Mise à jour : août 2024
Notes
[1] Les données pour les magazines sont tirées d’Infopresse jusqu’en 2017, puis d’estimations du CEM à partir de 2018. En 2017, Infopresse a changé de source de données, passant d’Ad Dynamics à Numerator. Nous incluons tout de même ces données à titre indicatif.
[2] Par presse hebdomadaire, nous utilisons ici l’acceptation au sens large propre au Québec, soit l’industrie des journaux, excluant la presse quotidienne.
[3] Dans ce dernier cas, il s’agit de la donnée canadienne.
[4] Nous avons exclu les services des propriétés Google Network (comme le service AdSense), qui s’apparentent à un service de courtier publicitaire.
[5] X n’étant plus coté en bourse, ces chiffres ne sont plus divulgués publiquement. Les données les plus récentes sont donc toujours celles de 2021. Il y a toutefois consensus quant à la chute involontaire des revenus publicitaires de la plateforme depuis et celle-ci tente de varier davantage ses sources de revenus.
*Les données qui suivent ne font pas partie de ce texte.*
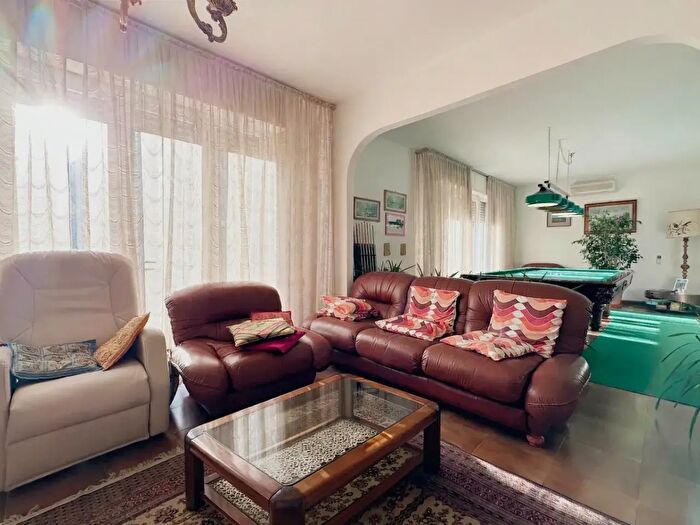 Casa con 8 locali in vendita in Pescia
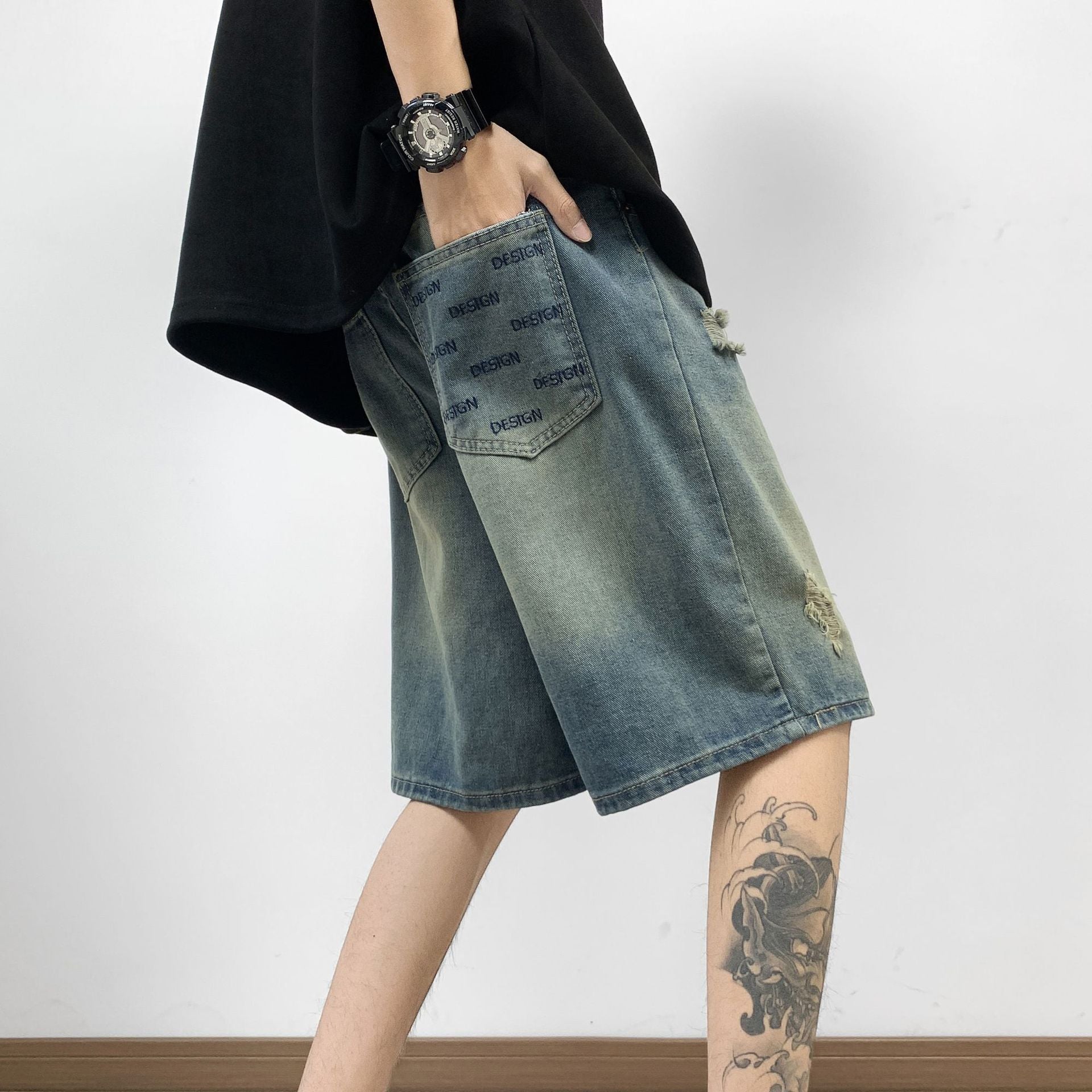 Men Mid-Rise Denim Shorts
[6] Institut de la statistique du Québec (2022), Produit intérieur brut réel, Comptes économiques des revenus et dépenses, Édition 2022
[7] Calculs du Centre d’études sur les médias à partir des informations publiées sur les contrats de publicité et de promotion par le ministère en vertu de la Loi sur l’accès aux documents des organismes publics et sur la protection des renseignements personnels. https://www.msss.gouv.qc.ca/ministere/acces_info/contrats-de-publicite-et-de-promotion/
[8] Services publics et Approvisionnement Canada, Rapports annuels sur la publicité du gouvernement du Canada. https://www.tpsgc-pwgsc.gc.ca/pub-adv/annuel-annual-fra.html
[9] Institut de la statistique du Québec (2022), Produit intérieur brut réel, Comptes économiques des revenus et dépenses, Édition 2022 et Indice des prix à la consommation.
[10] Faute de données isolées sur les revenus publicitaires en ligne des magazines et de la radio au Québec, nous ne pouvons pas savoir la part de revenus en ligne de l’ensemble des médias traditionnels. Toutefois, la combinaison des revenus en ligne des quotidiens, des hebdomadaires et de la télévision équivaut à 4 % de l’ensemble des revenus publicitaires numériques de 2022.